Он собирал их всюду — на работе, на улице. И вот — правил.
Он положил горбатый ржавый гвоздь на ступеньку и, стукая молотком, выровнял, но грубо, приблизительно. Окончательно гвозди он выправлял на наковальне — точными ударами.

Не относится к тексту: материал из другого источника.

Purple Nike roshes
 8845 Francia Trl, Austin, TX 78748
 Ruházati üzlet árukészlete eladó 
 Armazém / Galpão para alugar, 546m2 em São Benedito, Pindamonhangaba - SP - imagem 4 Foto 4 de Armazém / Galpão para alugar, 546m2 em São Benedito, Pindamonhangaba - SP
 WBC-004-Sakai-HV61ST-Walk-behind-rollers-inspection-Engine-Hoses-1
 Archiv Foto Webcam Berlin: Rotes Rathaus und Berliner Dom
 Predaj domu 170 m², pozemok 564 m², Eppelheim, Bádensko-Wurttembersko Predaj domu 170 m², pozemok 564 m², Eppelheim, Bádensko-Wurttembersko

Он сидел и тюкал молотком. Стукал и по пальцам. Тогда, морщась, дул на них.
Вокруг было обычное, вечернее. Покусывали комары. Сильно поредевшие воробьи чирикали на заборе. К ним промеж грядок крался худой — почти скелет — котик. От предвкушения нижняя, в белой шерсти, челюсть дергалась.
— Тюк-тюк-тюк, — постукивал Апухтин. Вышел Юрий. Худ, прозрачен. Сел рядом, потянулся.
— Давай я.
— Бей, — сказал Апухтин. — Я что-то плохо вижу сегодня.
И хлюпнул носом, завозился на крыльце.
— Ты чего? — спросил Юрий.
— Слышь, Юра, — сказал Апухтин. — Меня сегодня в военкомат вызывали.
— Зачем? Ты с железной дороги, у тебя бронь. — Он поднял голову и смотрел на отца. Уши его просвечивали. — И старый, тебя не возьмут.
Отец глотнул, уставился в землю. Потом заговорил деревянным голосом:
— Помнишь, запрос мы с тобой… делали? Почему, мол, не пишут… братки.
Апухтин поднял голову и посмотрел на Юрия мертвыми глазами.
— Слышь, Юра, одни мы с тобой остались. Убили, растеряли твоих братиков. Зачем? Почему? Кто виноват? Права была старая язва, права.
Юрий заплакал, вздрагивая плечами, и привалился к жесткому боку отца.
Одни они были на крыльце, никто не смотрел, не слушал. Можно было и плакать.
Отец все ершил Юркины волосы твердыми, корявыми пальцами и бормотал:
— Ничего, ничего, как-нибудь… Иди, поешь чего…
— А ты? — спросил Юрий, размазывая грязь по лицу.
— Я? Ах, да… Я на крышу — доску прибить надо. Давно собираюсь, неделю, того и гляди, свалится. Вот залезу и подобью.
Он взял гвозди, взял топор и по лестнице поднялся наверх.